A generic queue used when only a single thread is dequeuing the iitems
 and many thread can enqueue them.
The queue contains some threshold for flow control and utilities
 to duplicate and delete the elements

Writer queue

A N to 1 queue whose elements contains:
        - dbi  (i.e the database instance)
        - key  (the record key)
        - data (the record data)

The items in this queue are pushed by the worker threads and read by the writer thread

Bulk import queue

A N to 1 queue whose elements contains:
        - ep  (i.e the backend entry)
        - id  (the entry id)
        - key (the entry key (i.e ndn))
        - wait4key (the parent entry key (i.e ndn))

The items in this queue are pushed by the ldap operation worker threads
 and read by the bulk import thread.
Another queue with same struct is used internally by the
bulk import thread to handle the waiting entries
(that is why the key and wait4key fields are present)
 struct is used both from the incomming and waiting queue
  handled by bulk import provider thread.

#####

EntryInfo private database:

Why having a private database ?:

To be able to update the entryrdn, ancestorid and parentid indexes the worker thread not only needs the entry but also some data about the parent entry. (typically its ID, ancestor ids and rdn).

To do that the producer thread retrieve the parent entry data and store it in the worker queue element then compute the entry data and both store it in the worker queue element and in the private database. If the parent is not found either the entry is skipped as bad (import case) or pushed in a waiting queue until the parent entry info get added (bulk import/reindex/upgrade cases)

Private database means: A temporary lmdb database created,used and deleted by the producer thread. Notes:

Main (sub)database cannot be used because the writer thread txn prevents access to the database by other threads.
Hash table could have been used but it is difficult to estimate its maximum number of elements

Reordering the entries util parent is added in the private database

Data from parent entries are needed but entries may not get processed by the provider in order except in the import case because parent entries are defined before children entries in the ldif file (with an exception about the RUV) So bulk import, index and upgrade provider thread handles two lists

An incomming entries to process one
A waiting list

If the entry that is beeing processed has no parent it is pushed in the waiting list and associated with the parent key. Then next entry is processed. When an entry is succesfully added in the private database the waiting list is walked and all element waiting for the entry key are moved back in the incomming entry queues.

Database record format

The key is either the entry ID (index/upgrade cases) or the entry ndn (import/ bulk import cases)

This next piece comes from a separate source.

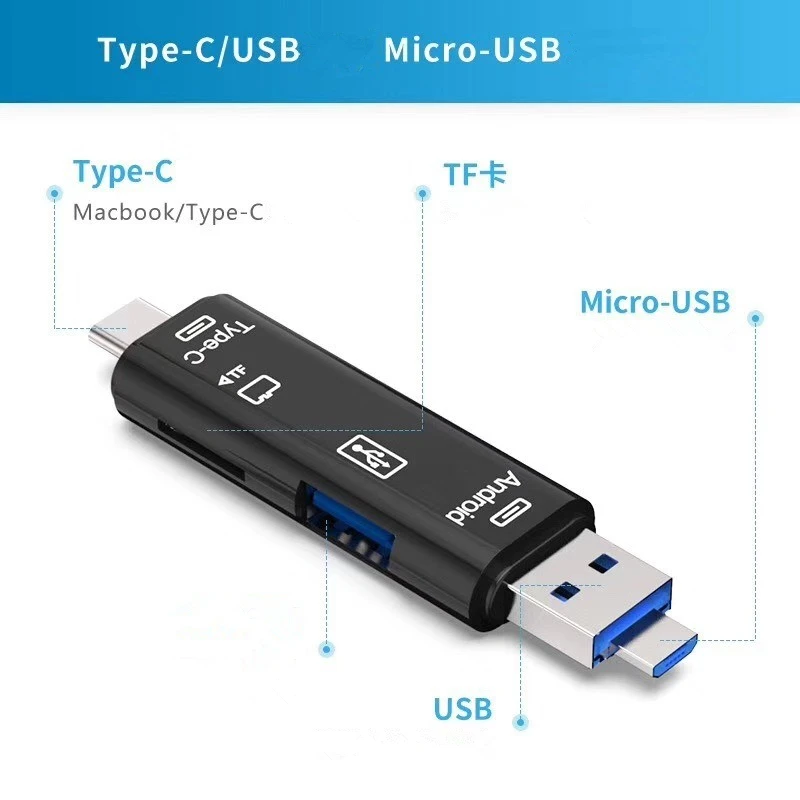 1PC In 1 Usb 3 1 Card Reader High Speed SD TF Micro SD Card Reader 5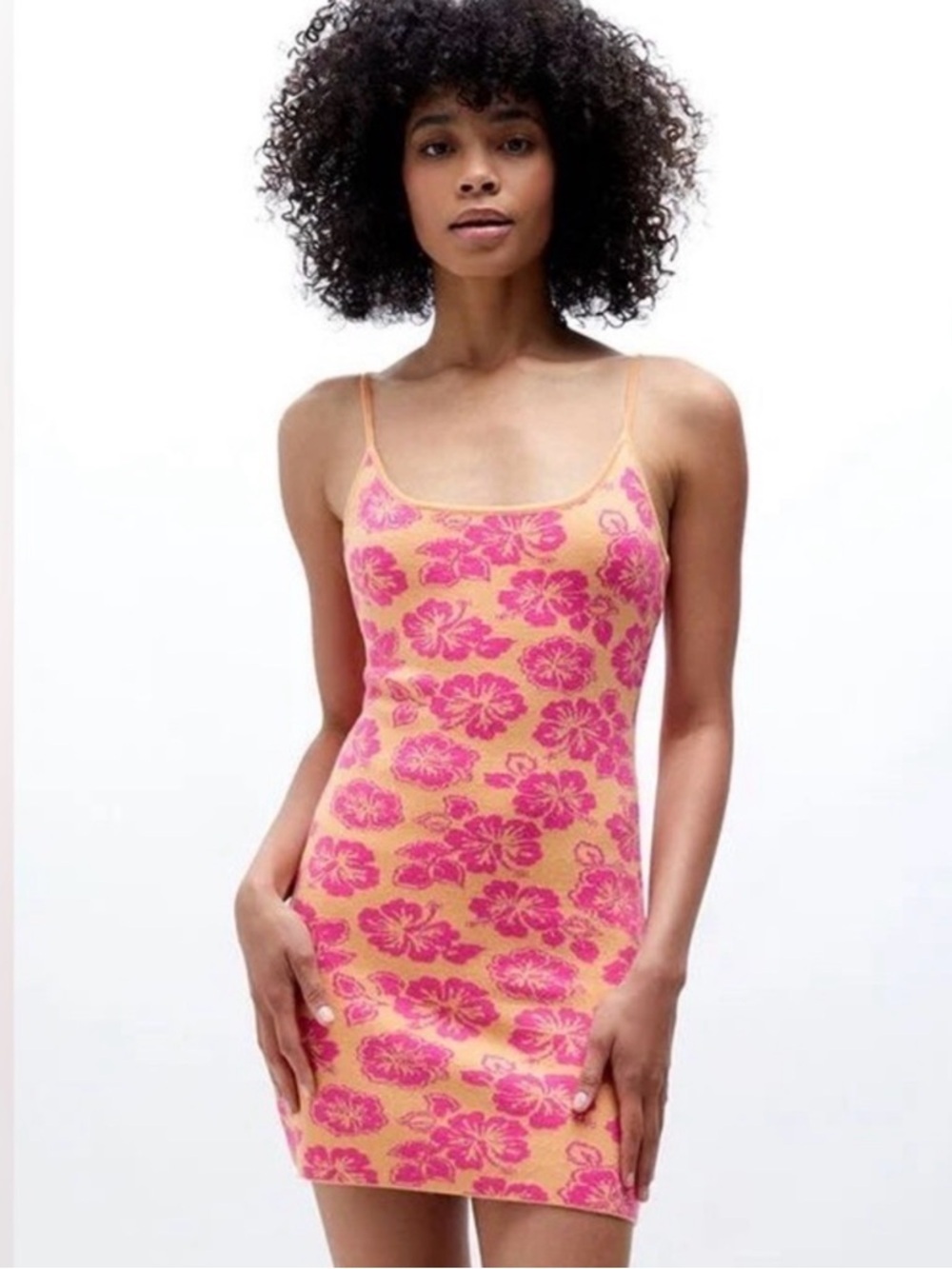 PacSun LA Hearts Hibiscus Hawaiian Mini Dress Coconut Girl Tropical Boho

The record data contains the following datas

Data	Comment
entry ID
nbAncestors	number of ancestors
nrdn len	normalized rdn lenght including final \0
rdnlen	rdn lenght including final \0
ancestorID 1	first ancestor ID
….
ancestorID n	n th ancestor ID
nrdn	normalized rdn
rdn

Sizing

The private database size is either the sum of the ldif file sizes when ldif files are available or 10% of the main database size

Other data:

ImportCtx:

There is one ImportCtx struct per ImportJob and it contains the global data needed to perform the import over mdb

Field	Usage
job	The ImportJob
ctx	The db-mdb plugin context
entryrdndbi	the entryrdn database instance
slots	the array of worker threads contextes (cf ImportSlot)
nbslots	number of worker threads
bulkq_state	tell weither supplier has pushed the last entry in bulk
bulkq	bulk import queue
worker_queue	worker queue
writer_queue	writer queue

ImportSlot:

This struct represent a worker thread context

Field	Usage
wait_id	A value that determine the order in which the slots have been filled

ImportJob:

The ImportJob struct is reused with the following restriction:

Field	Usage
task	task
flags	flags
input_filenames	ldif filenames
index_list	index_list
worker_list	worker_list
number_indexers	Not used
starting_ID	Not used
first_ID	Not used
lead_ID	Not used
ready_ID	Not used
ready_EID	Not used
trailing_ID	Not used
current_pass	Not used
total_pass	Not used
skipped	skipped
not_here_skipped	not_here_skipped
merge_chunk_size	Not used
voodoo logic for deciding when to begin	Not used
uuid_gen_type	uuid_gen_type
uuid_namespace	uuid_namespace
mothers	???
average_progress_rate	average_progress_rate
recent_progress_rate	recent_progress_rate
cache_hit_ratio	Not used
start_time	start_time
progress_history	progress_history
progress_times	progress_times
job_index_buffer_size	Not used
job_index_buffer_suggestion	Not used
include_subtrees	include_subtrees
exclude_subtrees	exclude_subtrees
fifo	Not used
task_status	task_status
wire_lock	Used with wire_cv
wire_cv	Used to wait until main-thread initialization is done and we are reading to queue entries
main_thread	main import thread (dbmdb_import_main) tid
encrypt	encrypt
usn_value	usn_value
upgradefd	???
numsubordinates	???
writer_ctx	the ImportCtx struct

Notes

There may be competition between index/upgrade provider thread and writer threads that both require txn on the main database but in both cases the txn hanles a batch of operations so its mitigates the contention risk.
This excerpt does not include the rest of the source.